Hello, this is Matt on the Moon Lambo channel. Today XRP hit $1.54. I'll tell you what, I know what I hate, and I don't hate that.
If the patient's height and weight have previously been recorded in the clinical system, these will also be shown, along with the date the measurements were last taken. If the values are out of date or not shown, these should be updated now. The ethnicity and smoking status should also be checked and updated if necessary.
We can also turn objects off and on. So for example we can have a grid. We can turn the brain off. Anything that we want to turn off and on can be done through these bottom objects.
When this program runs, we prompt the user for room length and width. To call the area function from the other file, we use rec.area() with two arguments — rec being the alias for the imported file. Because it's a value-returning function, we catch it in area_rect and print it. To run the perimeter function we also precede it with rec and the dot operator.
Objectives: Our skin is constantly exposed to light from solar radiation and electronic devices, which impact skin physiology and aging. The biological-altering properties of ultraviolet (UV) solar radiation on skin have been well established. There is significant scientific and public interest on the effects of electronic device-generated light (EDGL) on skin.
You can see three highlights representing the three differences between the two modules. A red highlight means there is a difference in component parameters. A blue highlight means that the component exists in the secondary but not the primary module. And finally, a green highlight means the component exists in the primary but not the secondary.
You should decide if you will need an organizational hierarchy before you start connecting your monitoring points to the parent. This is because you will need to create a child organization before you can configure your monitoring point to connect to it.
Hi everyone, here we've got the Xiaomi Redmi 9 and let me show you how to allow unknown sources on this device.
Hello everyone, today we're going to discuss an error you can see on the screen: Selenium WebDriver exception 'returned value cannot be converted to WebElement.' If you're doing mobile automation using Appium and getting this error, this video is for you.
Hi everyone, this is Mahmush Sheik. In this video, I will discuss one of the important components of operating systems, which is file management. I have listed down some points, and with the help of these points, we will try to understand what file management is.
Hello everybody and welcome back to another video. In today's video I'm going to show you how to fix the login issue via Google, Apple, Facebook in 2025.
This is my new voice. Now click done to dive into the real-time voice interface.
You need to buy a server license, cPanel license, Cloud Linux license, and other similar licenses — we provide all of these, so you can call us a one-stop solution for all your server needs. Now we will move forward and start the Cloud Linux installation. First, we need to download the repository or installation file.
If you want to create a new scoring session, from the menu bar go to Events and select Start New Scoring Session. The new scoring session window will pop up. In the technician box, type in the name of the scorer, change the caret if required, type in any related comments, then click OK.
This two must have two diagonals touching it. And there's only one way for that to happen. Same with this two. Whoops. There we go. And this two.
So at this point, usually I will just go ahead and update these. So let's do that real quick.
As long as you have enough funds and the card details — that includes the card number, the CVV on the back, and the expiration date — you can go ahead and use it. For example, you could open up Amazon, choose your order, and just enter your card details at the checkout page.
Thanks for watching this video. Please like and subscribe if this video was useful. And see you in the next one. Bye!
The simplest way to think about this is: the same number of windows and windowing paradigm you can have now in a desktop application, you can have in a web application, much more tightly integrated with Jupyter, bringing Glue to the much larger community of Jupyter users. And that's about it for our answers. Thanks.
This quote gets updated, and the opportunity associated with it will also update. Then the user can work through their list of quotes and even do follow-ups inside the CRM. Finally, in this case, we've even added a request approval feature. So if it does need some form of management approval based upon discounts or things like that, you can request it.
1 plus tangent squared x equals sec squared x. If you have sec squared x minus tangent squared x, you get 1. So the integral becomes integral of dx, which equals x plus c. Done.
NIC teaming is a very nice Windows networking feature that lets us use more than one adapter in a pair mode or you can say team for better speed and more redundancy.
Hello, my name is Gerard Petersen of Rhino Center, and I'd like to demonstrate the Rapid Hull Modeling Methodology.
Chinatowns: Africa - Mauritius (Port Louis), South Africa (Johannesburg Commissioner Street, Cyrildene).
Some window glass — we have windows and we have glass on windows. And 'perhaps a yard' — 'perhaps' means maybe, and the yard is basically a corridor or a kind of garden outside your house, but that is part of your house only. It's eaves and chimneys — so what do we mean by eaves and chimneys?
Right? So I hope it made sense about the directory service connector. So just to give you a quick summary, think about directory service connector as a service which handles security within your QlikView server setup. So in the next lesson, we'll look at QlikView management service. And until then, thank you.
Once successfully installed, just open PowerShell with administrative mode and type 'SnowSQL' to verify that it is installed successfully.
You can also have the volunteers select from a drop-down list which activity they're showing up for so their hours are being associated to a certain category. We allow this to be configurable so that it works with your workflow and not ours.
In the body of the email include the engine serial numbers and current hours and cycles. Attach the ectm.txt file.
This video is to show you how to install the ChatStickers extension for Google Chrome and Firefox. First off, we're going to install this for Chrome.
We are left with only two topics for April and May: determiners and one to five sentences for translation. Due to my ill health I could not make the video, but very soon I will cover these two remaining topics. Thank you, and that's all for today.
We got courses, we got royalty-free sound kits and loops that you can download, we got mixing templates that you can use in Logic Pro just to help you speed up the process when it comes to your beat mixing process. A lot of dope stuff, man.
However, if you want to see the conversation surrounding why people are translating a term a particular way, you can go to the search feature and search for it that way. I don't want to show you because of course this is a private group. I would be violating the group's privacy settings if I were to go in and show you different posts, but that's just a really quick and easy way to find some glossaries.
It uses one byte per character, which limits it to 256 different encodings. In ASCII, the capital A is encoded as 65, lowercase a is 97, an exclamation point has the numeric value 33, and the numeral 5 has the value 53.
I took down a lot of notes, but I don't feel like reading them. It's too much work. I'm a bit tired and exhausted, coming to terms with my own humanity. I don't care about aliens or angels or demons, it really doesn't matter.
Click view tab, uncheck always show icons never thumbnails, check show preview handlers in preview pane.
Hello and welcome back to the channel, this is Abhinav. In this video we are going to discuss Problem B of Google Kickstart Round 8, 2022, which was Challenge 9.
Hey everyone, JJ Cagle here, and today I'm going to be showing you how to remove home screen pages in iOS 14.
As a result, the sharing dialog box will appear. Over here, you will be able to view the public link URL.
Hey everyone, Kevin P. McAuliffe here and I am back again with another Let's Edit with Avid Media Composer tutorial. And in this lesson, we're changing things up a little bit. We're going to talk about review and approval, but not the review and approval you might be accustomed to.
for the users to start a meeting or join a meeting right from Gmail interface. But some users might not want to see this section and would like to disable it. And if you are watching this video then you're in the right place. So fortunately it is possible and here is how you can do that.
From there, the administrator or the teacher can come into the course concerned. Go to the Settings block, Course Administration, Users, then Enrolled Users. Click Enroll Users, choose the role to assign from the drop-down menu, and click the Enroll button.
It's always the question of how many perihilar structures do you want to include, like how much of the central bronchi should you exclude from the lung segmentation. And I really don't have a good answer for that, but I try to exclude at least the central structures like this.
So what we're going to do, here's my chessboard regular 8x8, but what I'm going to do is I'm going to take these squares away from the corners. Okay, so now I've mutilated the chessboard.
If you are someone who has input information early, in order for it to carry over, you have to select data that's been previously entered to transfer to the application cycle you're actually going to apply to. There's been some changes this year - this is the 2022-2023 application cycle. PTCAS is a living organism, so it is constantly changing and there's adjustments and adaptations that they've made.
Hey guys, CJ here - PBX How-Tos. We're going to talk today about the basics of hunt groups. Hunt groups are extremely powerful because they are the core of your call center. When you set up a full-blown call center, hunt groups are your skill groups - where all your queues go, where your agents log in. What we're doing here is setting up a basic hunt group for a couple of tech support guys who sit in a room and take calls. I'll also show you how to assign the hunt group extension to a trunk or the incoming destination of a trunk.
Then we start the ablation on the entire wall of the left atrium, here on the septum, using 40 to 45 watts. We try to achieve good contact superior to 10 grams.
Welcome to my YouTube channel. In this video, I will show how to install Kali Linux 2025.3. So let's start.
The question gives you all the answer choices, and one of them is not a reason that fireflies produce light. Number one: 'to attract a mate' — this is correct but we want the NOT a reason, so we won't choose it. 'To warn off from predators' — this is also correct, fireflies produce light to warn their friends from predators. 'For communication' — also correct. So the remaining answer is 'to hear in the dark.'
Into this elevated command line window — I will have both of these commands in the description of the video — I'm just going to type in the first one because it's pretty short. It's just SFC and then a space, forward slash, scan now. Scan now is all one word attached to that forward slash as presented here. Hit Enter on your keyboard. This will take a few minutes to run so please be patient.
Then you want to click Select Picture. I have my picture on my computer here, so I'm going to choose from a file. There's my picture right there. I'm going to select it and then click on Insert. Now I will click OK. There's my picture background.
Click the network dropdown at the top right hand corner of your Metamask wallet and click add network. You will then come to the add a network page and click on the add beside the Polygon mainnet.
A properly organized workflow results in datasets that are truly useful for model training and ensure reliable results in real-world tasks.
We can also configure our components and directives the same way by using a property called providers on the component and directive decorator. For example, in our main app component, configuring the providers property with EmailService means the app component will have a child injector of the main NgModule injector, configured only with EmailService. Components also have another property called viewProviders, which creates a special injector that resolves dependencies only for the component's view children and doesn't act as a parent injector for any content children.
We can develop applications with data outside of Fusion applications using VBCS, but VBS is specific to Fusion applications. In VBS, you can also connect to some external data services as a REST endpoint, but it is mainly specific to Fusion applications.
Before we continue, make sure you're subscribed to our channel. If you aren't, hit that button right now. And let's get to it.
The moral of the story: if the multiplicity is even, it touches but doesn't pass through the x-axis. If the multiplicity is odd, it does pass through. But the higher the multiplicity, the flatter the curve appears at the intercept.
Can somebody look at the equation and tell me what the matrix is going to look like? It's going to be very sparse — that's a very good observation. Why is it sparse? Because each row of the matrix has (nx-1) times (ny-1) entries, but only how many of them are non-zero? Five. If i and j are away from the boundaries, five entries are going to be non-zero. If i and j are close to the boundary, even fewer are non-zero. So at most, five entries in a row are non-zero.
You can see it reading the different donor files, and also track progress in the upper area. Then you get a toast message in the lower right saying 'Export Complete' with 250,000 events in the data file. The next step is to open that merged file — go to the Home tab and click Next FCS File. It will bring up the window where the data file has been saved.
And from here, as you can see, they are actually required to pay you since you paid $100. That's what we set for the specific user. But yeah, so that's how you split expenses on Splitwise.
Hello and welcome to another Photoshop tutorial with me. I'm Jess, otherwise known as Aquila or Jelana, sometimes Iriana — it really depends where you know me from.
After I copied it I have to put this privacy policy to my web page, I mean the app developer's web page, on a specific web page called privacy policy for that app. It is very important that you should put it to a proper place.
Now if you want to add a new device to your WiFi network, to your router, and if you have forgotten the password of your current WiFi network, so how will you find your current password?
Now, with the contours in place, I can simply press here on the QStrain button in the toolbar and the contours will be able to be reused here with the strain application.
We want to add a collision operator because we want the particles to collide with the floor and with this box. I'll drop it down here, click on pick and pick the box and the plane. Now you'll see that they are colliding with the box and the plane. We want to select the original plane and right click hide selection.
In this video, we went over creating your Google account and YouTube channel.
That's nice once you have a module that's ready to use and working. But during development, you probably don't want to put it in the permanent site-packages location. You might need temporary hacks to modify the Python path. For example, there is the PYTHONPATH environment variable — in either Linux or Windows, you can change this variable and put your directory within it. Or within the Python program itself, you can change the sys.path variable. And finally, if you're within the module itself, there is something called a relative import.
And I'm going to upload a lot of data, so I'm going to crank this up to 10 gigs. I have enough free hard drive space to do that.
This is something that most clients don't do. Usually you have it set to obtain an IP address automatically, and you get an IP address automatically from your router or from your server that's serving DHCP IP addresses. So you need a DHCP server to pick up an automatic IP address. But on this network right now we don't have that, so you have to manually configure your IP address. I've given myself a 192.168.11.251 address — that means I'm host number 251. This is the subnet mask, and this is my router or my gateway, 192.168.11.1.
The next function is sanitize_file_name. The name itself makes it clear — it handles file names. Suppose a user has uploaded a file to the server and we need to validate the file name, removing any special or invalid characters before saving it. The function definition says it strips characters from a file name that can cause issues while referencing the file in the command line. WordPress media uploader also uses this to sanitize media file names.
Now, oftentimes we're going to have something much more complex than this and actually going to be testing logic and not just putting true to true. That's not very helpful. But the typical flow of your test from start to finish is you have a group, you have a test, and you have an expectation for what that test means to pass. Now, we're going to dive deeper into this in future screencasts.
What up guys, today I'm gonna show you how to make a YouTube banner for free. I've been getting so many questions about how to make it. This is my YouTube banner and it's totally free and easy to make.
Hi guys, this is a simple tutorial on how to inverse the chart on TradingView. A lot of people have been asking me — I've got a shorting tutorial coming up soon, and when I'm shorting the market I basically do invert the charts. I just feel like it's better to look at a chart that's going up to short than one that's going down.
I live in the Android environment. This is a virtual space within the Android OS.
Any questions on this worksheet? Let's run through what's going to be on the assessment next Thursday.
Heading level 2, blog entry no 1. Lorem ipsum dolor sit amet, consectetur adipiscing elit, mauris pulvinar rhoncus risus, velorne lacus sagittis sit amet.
----------------------------------------
* _What the exercise asks_
Could you write out, exactly as they stand, only the lines above that begin at the line with "Hello everybody and" and stop after the line with "If you want to create"?

* _Output for this task_
Hello everybody and welcome back to another video. In today's video I'm going to show you how to fix the login issue via Google, Apple, Facebook in 2025.
This is my new voice. Now click done to dive into the real-time voice interface.
You need to buy a server license, cPanel license, Cloud Linux license, and other similar licenses — we provide all of these, so you can call us a one-stop solution for all your server needs. Now we will move forward and start the Cloud Linux installation. First, we need to download the repository or installation file.
If you want to create a new scoring session, from the menu bar go to Events and select Start New Scoring Session. The new scoring session window will pop up. In the technician box, type in the name of the scorer, change the caret if required, type in any related comments, then click OK.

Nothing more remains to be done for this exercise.